In [1]:
import pandas as pd
import numpy as np
import scipy.stats as stats

In [2]:
df = pd.read_csv("data/cleaned_student_lifestyle_dataset.csv")

In [None]:
df.head()

### 1. Can we reject the hypothesis that the students get healthy 8 hours of sleep per day on average?


Hypothesis testing

In [None]:
t_stat, p_value = stats.ttest_1samp(df['sleep_hours_per_day'], 8)

In [3]:
mean_sleep = df['sleep_hours_per_day'].mean()
std_sleep = df['sleep_hours_per_day'].std()
n = len(df['sleep_hours_per_day'])

In [4]:
for conf in [0.90, 0.95, 0.99]:
    confidence_interval = stats.t.interval(conf, n-1, loc=mean_sleep, scale=std_sleep/np.sqrt(n))
    print(f"Confidence interval at {int(conf * 100)}%: {confidence_interval[0]:.2f} to {confidence_interval[1]:.2f}")

Confidence interval at 90%: 7.45 to 7.56
Confidence interval at 95%: 7.44 to 7.57
Confidence interval at 99%: 7.42 to 7.59


### Interpretation of Results

#### T-statistic: 14.94
This indicates that the sample mean is significantly different from the hypothesized mean of 7 hours.
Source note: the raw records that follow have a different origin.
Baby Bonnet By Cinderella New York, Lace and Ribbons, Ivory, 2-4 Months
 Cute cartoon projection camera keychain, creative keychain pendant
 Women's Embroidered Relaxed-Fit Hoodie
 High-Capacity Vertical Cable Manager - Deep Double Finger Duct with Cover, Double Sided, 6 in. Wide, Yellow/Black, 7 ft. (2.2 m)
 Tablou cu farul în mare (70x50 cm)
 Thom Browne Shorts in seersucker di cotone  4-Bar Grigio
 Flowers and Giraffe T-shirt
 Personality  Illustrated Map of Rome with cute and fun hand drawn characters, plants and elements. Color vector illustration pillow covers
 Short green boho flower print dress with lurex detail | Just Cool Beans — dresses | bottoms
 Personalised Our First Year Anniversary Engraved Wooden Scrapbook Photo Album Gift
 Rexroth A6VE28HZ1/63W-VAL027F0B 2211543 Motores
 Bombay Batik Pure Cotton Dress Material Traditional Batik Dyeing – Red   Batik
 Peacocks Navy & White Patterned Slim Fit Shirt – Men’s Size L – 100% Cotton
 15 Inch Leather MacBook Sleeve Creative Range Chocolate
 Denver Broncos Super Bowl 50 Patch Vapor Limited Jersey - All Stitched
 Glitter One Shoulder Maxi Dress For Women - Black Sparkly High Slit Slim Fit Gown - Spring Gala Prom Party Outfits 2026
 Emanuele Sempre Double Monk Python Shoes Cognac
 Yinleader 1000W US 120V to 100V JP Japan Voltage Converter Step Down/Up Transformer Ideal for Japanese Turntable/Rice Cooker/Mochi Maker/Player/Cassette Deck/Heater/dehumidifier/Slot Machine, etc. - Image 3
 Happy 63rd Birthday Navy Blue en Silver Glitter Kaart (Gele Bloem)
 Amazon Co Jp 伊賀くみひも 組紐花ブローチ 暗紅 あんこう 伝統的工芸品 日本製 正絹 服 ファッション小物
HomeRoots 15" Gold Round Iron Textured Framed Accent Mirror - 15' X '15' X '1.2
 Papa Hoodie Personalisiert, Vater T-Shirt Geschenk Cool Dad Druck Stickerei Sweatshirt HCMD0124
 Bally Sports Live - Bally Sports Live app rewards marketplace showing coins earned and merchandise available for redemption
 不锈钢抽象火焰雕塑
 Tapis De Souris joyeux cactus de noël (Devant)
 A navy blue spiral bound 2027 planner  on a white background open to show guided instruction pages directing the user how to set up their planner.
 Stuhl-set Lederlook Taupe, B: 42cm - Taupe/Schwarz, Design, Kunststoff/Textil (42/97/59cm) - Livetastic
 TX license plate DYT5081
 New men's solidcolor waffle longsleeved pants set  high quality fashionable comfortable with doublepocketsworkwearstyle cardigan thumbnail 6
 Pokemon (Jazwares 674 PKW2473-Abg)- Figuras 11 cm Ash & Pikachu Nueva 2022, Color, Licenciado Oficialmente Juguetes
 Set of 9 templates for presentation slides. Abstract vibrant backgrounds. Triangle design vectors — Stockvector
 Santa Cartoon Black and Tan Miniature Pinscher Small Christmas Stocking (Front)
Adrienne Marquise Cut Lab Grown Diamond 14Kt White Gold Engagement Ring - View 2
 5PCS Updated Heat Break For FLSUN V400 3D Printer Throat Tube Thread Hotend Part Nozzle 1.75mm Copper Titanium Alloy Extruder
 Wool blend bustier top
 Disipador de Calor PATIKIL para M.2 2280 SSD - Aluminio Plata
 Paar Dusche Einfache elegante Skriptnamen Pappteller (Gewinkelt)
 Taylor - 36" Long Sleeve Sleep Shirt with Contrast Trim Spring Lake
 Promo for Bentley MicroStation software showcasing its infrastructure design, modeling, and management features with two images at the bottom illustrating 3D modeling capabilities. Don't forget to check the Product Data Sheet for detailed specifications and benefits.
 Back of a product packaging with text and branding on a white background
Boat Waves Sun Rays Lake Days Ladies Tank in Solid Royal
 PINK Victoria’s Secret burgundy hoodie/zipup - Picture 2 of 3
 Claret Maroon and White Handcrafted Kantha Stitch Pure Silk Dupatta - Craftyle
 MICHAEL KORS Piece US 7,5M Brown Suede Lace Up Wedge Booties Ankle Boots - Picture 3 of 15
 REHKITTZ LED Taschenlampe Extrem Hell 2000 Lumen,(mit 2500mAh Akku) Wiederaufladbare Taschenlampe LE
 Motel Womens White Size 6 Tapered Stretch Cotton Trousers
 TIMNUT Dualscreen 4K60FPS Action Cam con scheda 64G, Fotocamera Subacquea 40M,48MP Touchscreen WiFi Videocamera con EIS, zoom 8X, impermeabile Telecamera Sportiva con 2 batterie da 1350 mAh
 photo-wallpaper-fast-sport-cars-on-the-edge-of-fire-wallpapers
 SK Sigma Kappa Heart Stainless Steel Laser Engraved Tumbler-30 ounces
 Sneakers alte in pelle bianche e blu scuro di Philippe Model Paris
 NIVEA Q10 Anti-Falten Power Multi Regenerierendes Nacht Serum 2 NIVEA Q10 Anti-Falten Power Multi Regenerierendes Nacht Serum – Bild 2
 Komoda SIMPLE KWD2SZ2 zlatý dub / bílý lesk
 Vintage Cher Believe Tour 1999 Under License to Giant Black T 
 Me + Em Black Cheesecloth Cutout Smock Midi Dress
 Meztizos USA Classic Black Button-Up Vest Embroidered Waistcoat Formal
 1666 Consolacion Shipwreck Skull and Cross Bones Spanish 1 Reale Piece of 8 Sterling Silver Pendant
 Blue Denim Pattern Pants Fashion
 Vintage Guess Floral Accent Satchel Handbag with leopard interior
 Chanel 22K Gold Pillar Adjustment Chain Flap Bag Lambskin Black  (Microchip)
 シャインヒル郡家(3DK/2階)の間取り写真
The positive value suggests that the sample mean is greater than 7 hours.

#### P-value: 0.00
The p-value is extremely small (essentially zero), which means there is strong evidence against the null hypothesis. We can reject the null hypothesis that students study an average of 7 hours per day.

#### Confidence Intervals:
- **90% Confidence Interval: 7.42 to 7.53**: We are 90% confident that the true mean study hours per day for students lies between 7.42 and 7.53 hours.
- **95% Confidence Interval: 7.41 to 7.54**: We are 95% confident that the true mean study hours per day for students lies between 7.41 and 7.54 hours.
- **99% Confidence Interval: 7.39 to 7.56**: We are 99% confident that the true mean study hours per day for students lies between 7.39 and 7.56 hours.

Since all these intervals do not include 8 hours, it further supports rejecting the null hypothesis.

### Conclusion
We can reject the hypothesis that students study an average of 7 hours per day. The actual average study duration is likely between 7.39 and 7.56 hours, which is more than the recommended 7 hours.

Perform hypothesis testing to check for different groups the students are getting healthy 8 hours of sleep per day on average.

Ensure 'gpa_group' is of category dtype

In [5]:
df['gpa_group'] = df['gpa_group'].astype('category')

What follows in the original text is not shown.